Monte Carlo Prediction: We know that, given a trajectory, $G_{t} = R_{t} + \gamma R_{t+1} + \gamma^{2} R_{t+2} + \cdots + \gamma^{T} R_{t+T}$ which can be recurisvely expressed as $G_{t} = R_{t} + \gamma G_{t+1}$. So, we can get $G_{t}$ from $G_{t+1}$. This is how we can update the value of $G_{t}$. But it could also occur that a state is repeated multiple times in a trajectory. One thing to consider is whether we should update it’s value at the very first occurrence in the trajectory of in every visit. Hence, we have two approaches to this Monte Carlo prediction.
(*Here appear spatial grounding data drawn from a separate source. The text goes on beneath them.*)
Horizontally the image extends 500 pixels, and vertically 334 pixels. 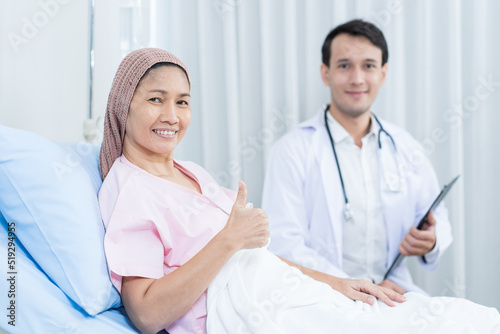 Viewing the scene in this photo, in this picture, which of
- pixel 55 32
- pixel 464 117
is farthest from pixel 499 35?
pixel 55 32

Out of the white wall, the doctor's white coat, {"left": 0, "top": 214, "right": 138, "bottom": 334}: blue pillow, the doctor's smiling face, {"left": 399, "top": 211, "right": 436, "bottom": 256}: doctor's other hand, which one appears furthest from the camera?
the doctor's smiling face

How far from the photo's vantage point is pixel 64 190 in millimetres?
1097

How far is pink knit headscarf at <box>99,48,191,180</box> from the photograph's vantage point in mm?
1216

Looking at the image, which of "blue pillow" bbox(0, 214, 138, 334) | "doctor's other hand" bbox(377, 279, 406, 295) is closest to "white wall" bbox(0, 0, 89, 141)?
"blue pillow" bbox(0, 214, 138, 334)

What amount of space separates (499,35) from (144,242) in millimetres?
1922

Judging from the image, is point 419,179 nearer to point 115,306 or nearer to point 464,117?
point 464,117

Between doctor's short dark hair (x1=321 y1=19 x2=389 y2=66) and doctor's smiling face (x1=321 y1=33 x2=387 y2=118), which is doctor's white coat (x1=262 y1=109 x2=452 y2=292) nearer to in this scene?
doctor's smiling face (x1=321 y1=33 x2=387 y2=118)


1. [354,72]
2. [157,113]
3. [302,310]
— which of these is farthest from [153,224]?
[354,72]

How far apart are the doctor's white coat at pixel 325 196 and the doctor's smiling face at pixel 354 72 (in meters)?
0.14

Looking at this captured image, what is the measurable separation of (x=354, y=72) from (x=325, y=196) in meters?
0.56

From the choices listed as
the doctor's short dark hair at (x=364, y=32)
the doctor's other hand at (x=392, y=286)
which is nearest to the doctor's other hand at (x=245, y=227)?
the doctor's other hand at (x=392, y=286)

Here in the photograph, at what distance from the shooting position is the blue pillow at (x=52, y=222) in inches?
41.4

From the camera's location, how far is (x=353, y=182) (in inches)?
80.7

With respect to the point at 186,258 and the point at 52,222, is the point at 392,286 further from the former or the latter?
the point at 52,222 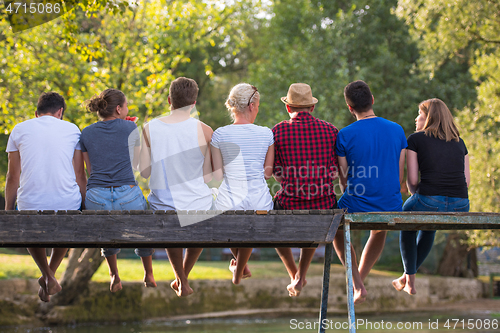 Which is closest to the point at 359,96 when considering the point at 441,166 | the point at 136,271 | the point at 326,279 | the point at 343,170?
the point at 343,170

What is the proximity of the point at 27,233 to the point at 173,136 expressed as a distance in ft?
4.69

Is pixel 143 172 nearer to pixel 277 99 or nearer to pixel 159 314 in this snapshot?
pixel 159 314

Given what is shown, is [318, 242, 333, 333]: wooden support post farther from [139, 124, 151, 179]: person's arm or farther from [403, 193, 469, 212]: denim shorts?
[139, 124, 151, 179]: person's arm

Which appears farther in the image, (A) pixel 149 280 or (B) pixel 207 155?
(A) pixel 149 280

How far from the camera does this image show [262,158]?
4348 mm

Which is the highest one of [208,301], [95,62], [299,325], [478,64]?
[95,62]

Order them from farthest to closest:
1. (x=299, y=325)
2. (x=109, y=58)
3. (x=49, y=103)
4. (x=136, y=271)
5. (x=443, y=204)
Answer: (x=136, y=271) → (x=299, y=325) → (x=109, y=58) → (x=443, y=204) → (x=49, y=103)

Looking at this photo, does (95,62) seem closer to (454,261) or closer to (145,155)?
(145,155)

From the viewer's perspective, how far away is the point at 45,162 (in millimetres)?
4301

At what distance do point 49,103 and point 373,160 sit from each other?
10.0ft

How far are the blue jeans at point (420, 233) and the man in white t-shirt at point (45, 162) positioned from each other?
324 cm

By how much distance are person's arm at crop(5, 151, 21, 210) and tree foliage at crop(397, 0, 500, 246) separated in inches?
393

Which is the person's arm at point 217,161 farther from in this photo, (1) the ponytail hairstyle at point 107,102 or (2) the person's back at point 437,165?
(2) the person's back at point 437,165

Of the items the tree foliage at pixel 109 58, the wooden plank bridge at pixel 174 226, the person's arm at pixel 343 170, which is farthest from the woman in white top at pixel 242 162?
the tree foliage at pixel 109 58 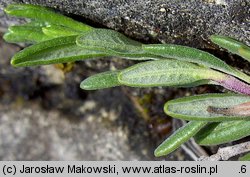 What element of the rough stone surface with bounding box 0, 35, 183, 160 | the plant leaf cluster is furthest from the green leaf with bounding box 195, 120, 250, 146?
the rough stone surface with bounding box 0, 35, 183, 160

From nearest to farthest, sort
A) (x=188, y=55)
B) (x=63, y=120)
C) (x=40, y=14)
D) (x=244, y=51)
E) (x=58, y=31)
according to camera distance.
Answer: (x=244, y=51) < (x=188, y=55) < (x=40, y=14) < (x=58, y=31) < (x=63, y=120)

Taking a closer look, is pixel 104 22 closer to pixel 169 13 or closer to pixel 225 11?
pixel 169 13

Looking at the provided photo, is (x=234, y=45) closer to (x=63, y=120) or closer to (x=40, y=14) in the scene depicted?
(x=40, y=14)

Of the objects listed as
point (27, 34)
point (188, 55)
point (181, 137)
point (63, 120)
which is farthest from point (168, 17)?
point (63, 120)

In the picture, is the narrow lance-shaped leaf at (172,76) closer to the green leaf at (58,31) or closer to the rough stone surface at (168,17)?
the rough stone surface at (168,17)

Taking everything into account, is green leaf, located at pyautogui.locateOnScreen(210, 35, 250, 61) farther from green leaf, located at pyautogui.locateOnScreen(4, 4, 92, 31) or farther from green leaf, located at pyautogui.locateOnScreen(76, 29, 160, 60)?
green leaf, located at pyautogui.locateOnScreen(4, 4, 92, 31) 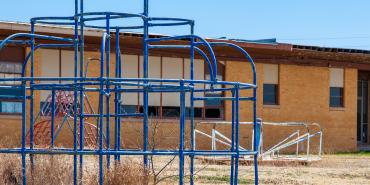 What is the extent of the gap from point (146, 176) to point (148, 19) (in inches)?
92.6

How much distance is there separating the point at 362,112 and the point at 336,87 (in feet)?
15.9

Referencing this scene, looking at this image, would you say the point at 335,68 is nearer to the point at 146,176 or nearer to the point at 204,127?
the point at 204,127

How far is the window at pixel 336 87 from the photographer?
135ft

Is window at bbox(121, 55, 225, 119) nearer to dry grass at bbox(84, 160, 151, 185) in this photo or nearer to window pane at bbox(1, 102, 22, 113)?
window pane at bbox(1, 102, 22, 113)

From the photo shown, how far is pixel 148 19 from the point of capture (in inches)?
480

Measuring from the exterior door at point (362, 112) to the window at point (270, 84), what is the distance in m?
8.09

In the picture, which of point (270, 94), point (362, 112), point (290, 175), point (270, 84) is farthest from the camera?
point (362, 112)

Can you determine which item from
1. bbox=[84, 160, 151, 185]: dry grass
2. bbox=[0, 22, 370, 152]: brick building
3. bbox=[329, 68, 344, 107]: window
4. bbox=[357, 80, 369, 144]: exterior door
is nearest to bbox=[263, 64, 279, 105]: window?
bbox=[0, 22, 370, 152]: brick building

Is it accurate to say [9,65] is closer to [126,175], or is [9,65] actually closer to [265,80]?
[265,80]

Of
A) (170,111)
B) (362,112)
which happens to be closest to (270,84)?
(170,111)

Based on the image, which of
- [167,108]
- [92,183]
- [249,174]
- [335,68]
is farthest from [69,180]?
[335,68]

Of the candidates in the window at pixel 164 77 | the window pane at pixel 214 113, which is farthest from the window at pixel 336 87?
the window at pixel 164 77

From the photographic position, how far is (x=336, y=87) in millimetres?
41500

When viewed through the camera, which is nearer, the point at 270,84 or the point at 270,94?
the point at 270,84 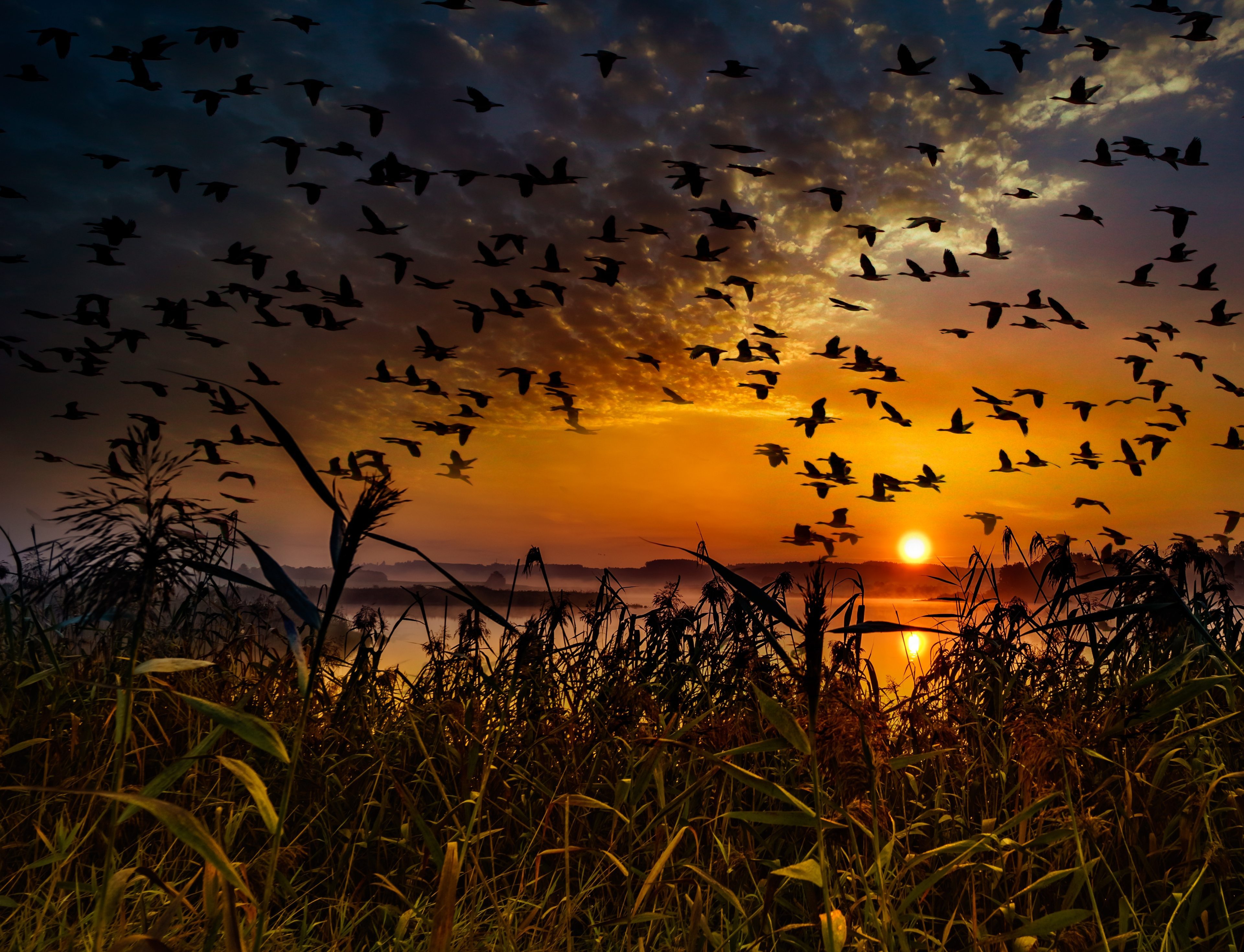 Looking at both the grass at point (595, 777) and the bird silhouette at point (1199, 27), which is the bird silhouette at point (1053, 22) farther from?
the grass at point (595, 777)

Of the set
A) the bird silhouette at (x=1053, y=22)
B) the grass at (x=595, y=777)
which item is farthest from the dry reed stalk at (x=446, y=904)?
the bird silhouette at (x=1053, y=22)

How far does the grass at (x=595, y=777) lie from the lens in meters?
1.87

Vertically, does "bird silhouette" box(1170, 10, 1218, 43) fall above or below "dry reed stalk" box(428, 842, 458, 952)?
above

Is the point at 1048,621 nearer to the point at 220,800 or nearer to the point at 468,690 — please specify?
the point at 468,690

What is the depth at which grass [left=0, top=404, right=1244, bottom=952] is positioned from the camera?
1869 mm

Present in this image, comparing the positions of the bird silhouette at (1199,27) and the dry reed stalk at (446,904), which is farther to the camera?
the bird silhouette at (1199,27)

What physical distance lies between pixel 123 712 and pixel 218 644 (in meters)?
4.55

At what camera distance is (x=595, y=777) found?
4.01 meters

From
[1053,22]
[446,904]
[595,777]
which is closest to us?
[446,904]

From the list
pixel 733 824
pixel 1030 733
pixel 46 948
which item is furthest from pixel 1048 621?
pixel 46 948

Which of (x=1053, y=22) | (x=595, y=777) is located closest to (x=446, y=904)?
(x=595, y=777)

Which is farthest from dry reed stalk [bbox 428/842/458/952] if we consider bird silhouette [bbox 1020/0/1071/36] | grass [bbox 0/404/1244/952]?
bird silhouette [bbox 1020/0/1071/36]

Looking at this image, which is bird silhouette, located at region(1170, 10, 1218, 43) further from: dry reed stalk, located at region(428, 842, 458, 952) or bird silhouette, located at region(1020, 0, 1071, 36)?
dry reed stalk, located at region(428, 842, 458, 952)

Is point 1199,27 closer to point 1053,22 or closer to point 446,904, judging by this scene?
point 1053,22
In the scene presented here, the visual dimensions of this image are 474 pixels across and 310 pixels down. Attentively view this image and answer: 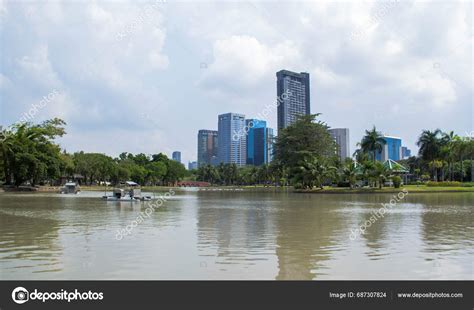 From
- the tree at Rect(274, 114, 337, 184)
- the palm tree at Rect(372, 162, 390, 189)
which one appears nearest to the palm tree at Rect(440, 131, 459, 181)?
the tree at Rect(274, 114, 337, 184)

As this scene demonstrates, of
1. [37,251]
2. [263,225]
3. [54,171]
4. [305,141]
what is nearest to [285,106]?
[305,141]

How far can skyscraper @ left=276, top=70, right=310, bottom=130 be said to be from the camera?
9162cm

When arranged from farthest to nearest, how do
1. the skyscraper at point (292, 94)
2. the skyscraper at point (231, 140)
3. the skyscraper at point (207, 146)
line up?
the skyscraper at point (207, 146)
the skyscraper at point (231, 140)
the skyscraper at point (292, 94)

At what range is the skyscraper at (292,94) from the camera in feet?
301

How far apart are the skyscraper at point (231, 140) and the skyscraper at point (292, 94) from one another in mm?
16955

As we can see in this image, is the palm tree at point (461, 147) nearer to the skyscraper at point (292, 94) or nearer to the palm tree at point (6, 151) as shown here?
the skyscraper at point (292, 94)

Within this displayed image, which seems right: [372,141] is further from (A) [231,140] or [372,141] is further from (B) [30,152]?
(A) [231,140]

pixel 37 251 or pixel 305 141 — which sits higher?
pixel 305 141

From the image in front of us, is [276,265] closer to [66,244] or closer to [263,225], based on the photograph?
[66,244]

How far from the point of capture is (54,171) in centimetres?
6825

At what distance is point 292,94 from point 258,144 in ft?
195

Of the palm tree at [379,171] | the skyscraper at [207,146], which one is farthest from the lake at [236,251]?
the skyscraper at [207,146]

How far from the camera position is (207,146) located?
18925 cm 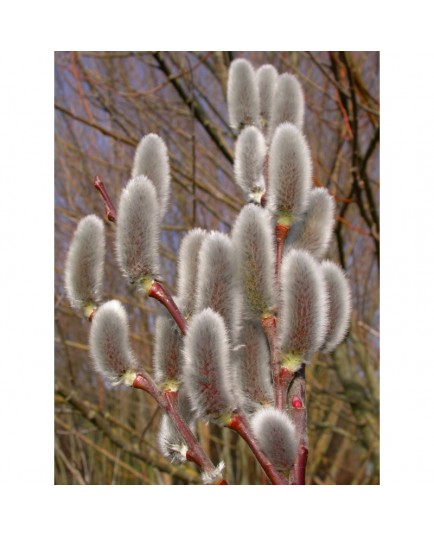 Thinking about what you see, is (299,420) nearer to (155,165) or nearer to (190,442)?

FIRST VISIT MONTE CARLO PREDICTION
repeat until convergence:
$\quad$ Generate an episode under $\pi$: $S_{0}, A_{0}, R_{0}, S_{1}, \cdots, S_{T-1}, A_{T-1}, R_{T-1}$
$\quad t = T-1$
$\quad$ while $t \geq 0$ do:
$\quad\quad G = R_{t} + \gamma G$
$\quad\quad$If $S_{t}$ is the first occurrence of this state:
$\quad\quad\quad V(S_{t}) =$ adjust$(V(S_{t}), G)$
$\quad\quad t = t - 1$
EVERY VISIT MONTE CARLO PREDICTION
repeat until convergence:
$\quad$ Generate an episode under $\pi$: $S_{0}, A_{0}, R_{0}, S_{1}, \cdots, S_{T-1}, A_{T-1}, R_{T-1}$
$\quad t = T-1$
$\quad$ while $t \geq 0$ do:
$\quad\quad G = R_{t} + \gamma G$
$\quad\quad V(S_{t}) =$ adjust$(V(S_{t}), G)$
$\quad\quad t = t - 1$
Monte Carlo Control: One can also use MC methods for control by updating the policy after each episode and by generating the next episode under the new policy. One such approach is MC exploring starts. It combines First Visit MC with Generalized Policy Iteration. Instead of estimating the value $v(s)$, we estimate $q(s,a)$ and update the policy according to that.
MC Exploring Starts
repeat until convergence:
$\quad$ Randomly generate $S_{0}, A_{0}$
$\quad$ Generate an episode under $\pi$: $S_{0}, A_{0}, R_{0}, S_{1}, \cdots, S_{T-1}, A_{T-1}, R_{T-1}$
$\quad t = T-1$
$\quad$ while $t \geq 0$ do:
$\quad\quad G = R_{t} + \gamma G$
$\quad\quad$If $(S_{t}, A_{t})$ is the first occurrence of this state-action pair:
$\quad\quad\quad V(S_{t}) =$ adjust$(V(S_{t}), G)$
$\quad\quad\quad q(S_{t}, A_{t}) =$ adjust$(q(S_{t}, A_{t}), G)$
$\quad\quad\quad \pi(S_{t}) = \arg \max_{a} q(S_{t}, a)$
$\quad\quad t = t - 1$
Drawbacks of Monte Carlo: A few drawbacks are:
- The bias may reduce, but is susceptible to high variance in the value estimations due to sampling a diverse set of trajectories.
- Can't utilize the updated policy until the end of the episode.